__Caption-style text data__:
________

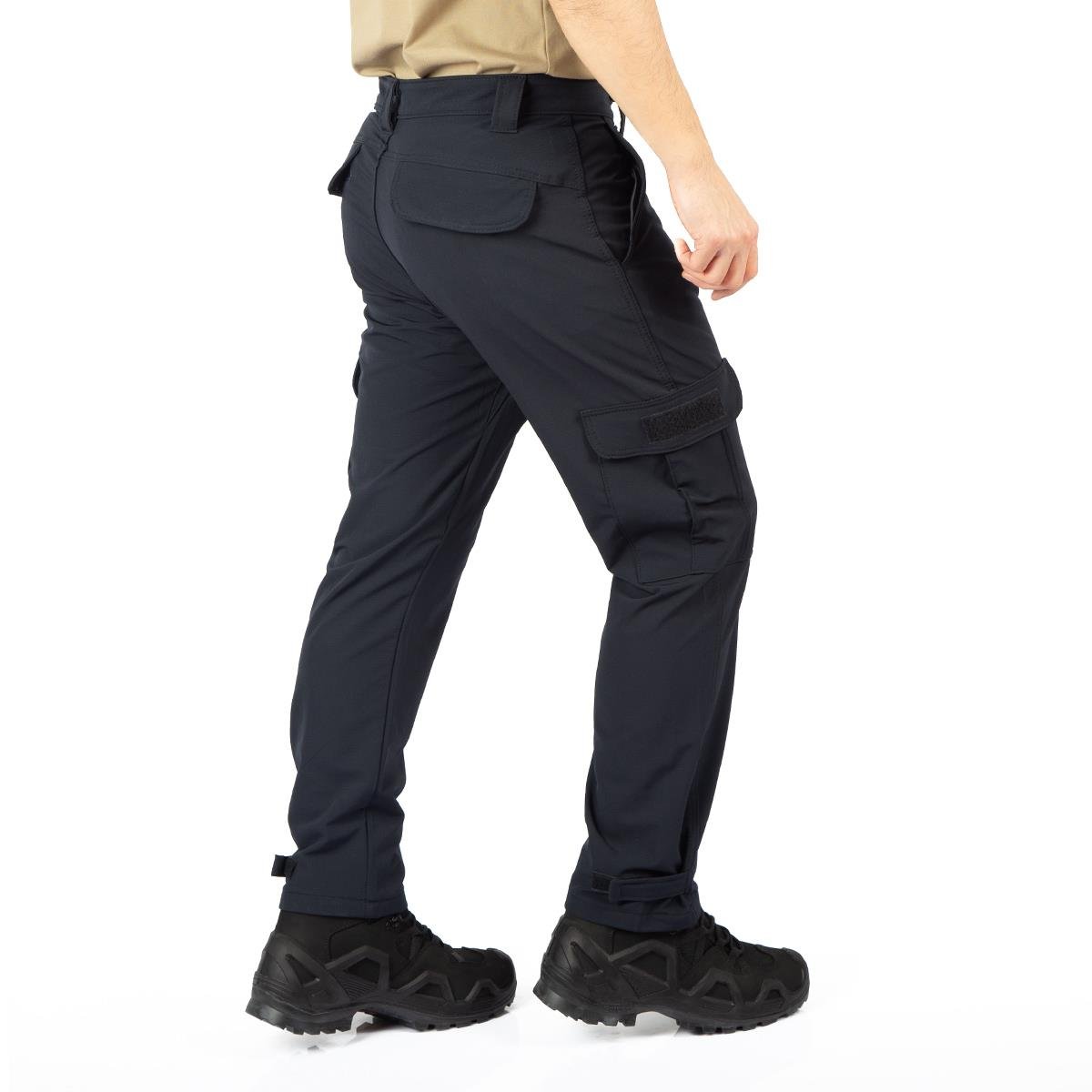 Tugan Taktikal Trekking Zabıta Pantolonu Lacivert
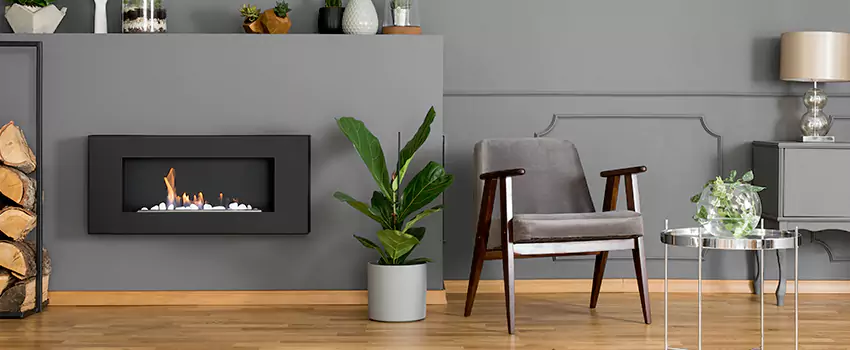 Ethanol Fireplace Burner Repair in Portland, TX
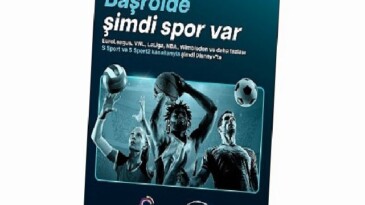 S Sport ve S Sport2 Kanalları, Şimdi Canlı Yayınla Disney+’ta!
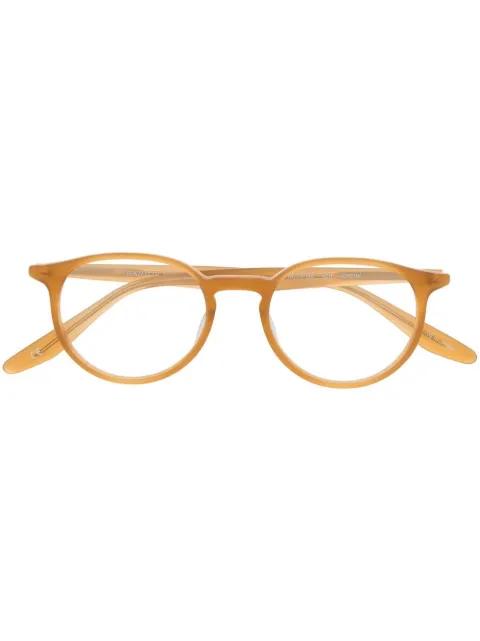 Norton round-frame glasses by BARTON PERREIRA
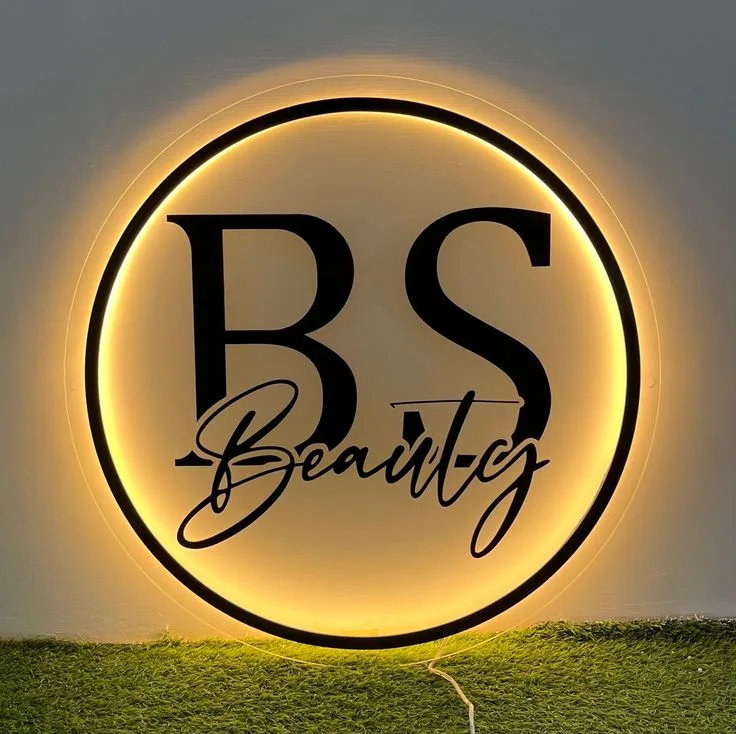 Logo BS Beauty Lumineux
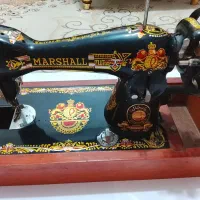 چرخ خیاطی مارشال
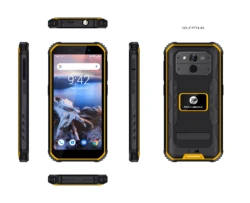 Android Phone Rugged Wholesale 4g Nfc Cheap Cellphones Rugged Mobile Phones Waterproof IP68 Android 10 Cell Phone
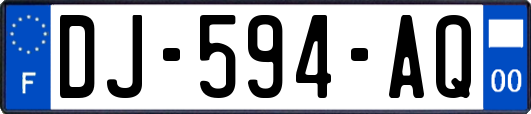 DJ-594-AQ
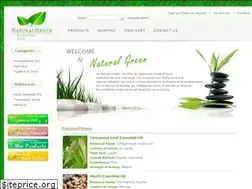 Sites similar to naturalgreen.ca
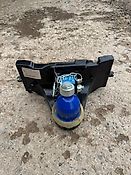 Scharmüller K80 Zugkugelkupplung, W390, 05.6390.63, 3t, 39er Schlittenbreite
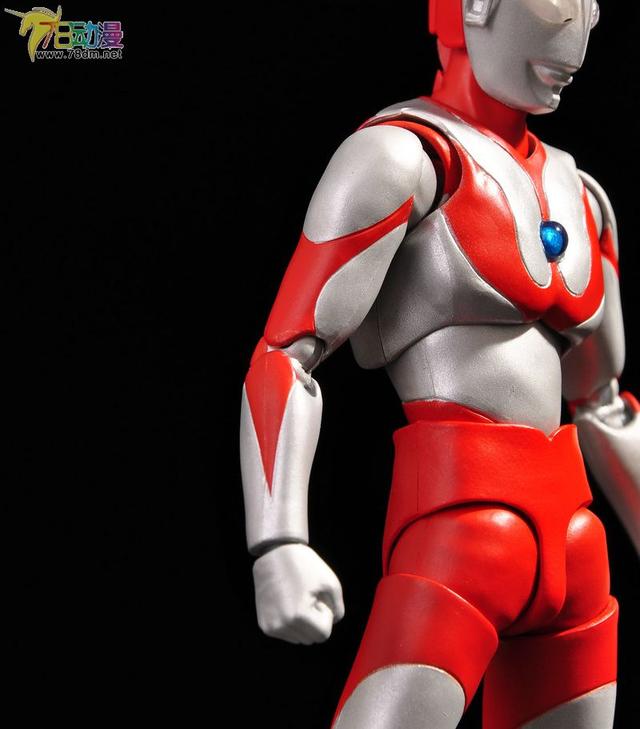 78官测:SHF系列 奧特曼 50周年纪念版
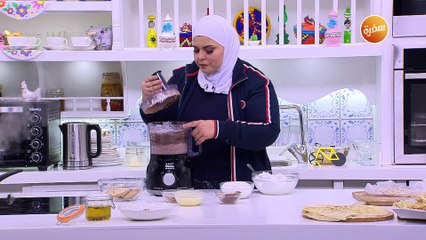 جاتوة البسكوت | نجلاء الشرشابي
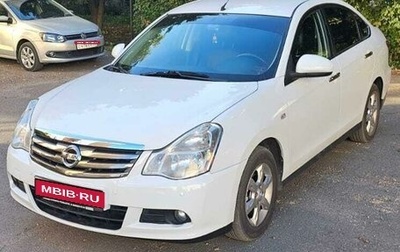 Nissan Almera, 2014 год, 790 000 рублей, 1 фотография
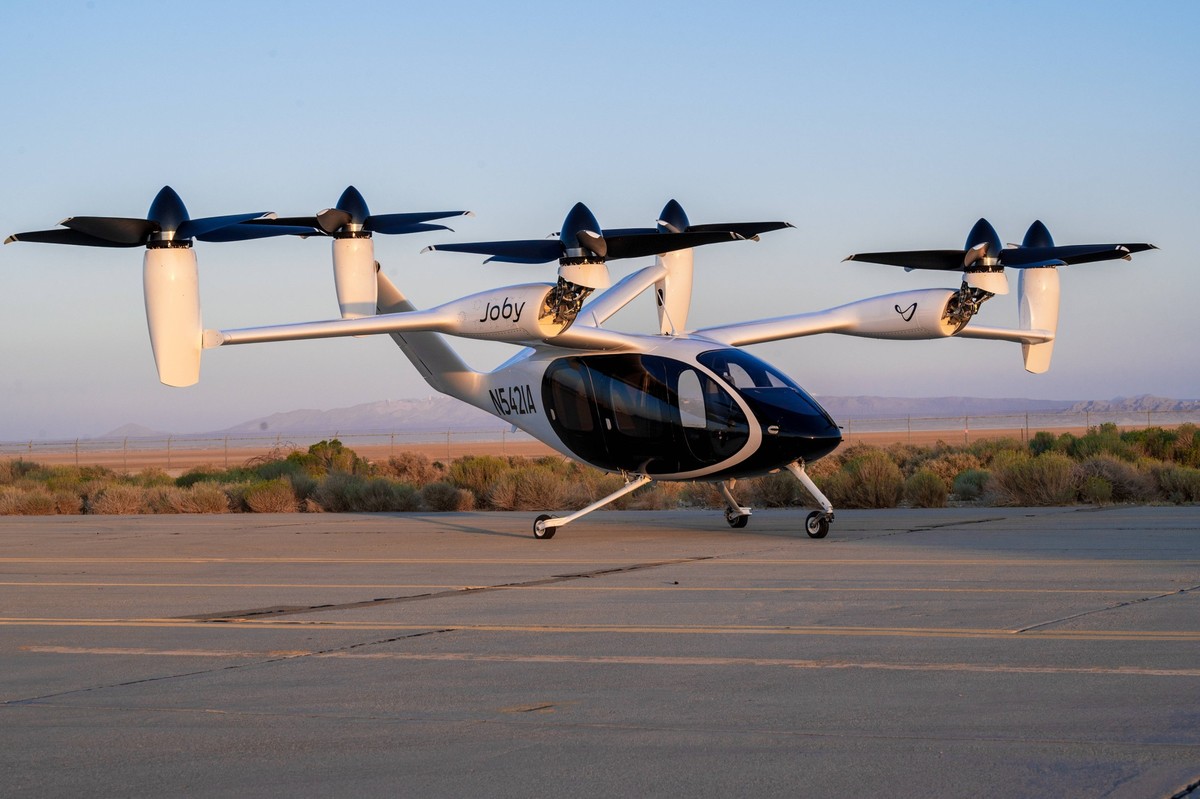 A new electric vertical takeoff and landing eVTOL air taxi developed by Joby Aviation is to undergo testing by NASA and the U.S. Air Force as part of efforts to assess its potential for everyday civil ...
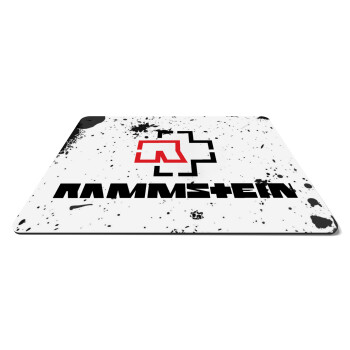 Rammstein, Mousepad rect 27x19cm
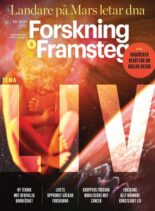 Forskning & Framsteg – 18 mars 2021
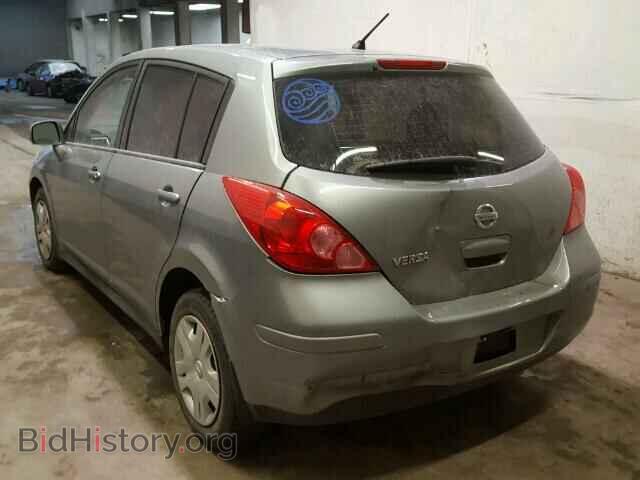 2011 NISSAN VERSA - VIN: 3N1BC1CP4BL370472 - Фото 3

________

__Exercise prompt__:
Each line from the one that contains "Norton round-frame glasses" through the end of the records should be restated exactly; include both end lines and leave any pictures out.

__Task response__:
 Norton round-frame glasses by BARTON PERREIRA
 Logo BS Beauty Lumineux
 چرخ خیاطی مارشال
 Android Phone Rugged Wholesale 4g Nfc Cheap Cellphones Rugged Mobile Phones Waterproof IP68 Android 10 Cell Phone
 DJ-594-AQ
 Sites similar to naturalgreen.ca
 Scharmüller K80 Zugkugelkupplung, W390, 05.6390.63, 3t, 39er Schlittenbreite
 78官测:SHF系列 奧特曼 50周年纪念版
 جاتوة البسكوت | نجلاء الشرشابي
 Nissan Almera, 2014 год, 790 000 рублей, 1 фотография
 A new electric vertical takeoff and landing eVTOL air taxi developed by Joby Aviation is to undergo testing by NASA and the U.S. Air Force as part of efforts to assess its potential for everyday civil ...
 Rammstein, Mousepad rect 27x19cm
 Forskning & Framsteg – 18 mars 2021
 2011 NISSAN VERSA - VIN: 3N1BC1CP4BL370472 - Фото 3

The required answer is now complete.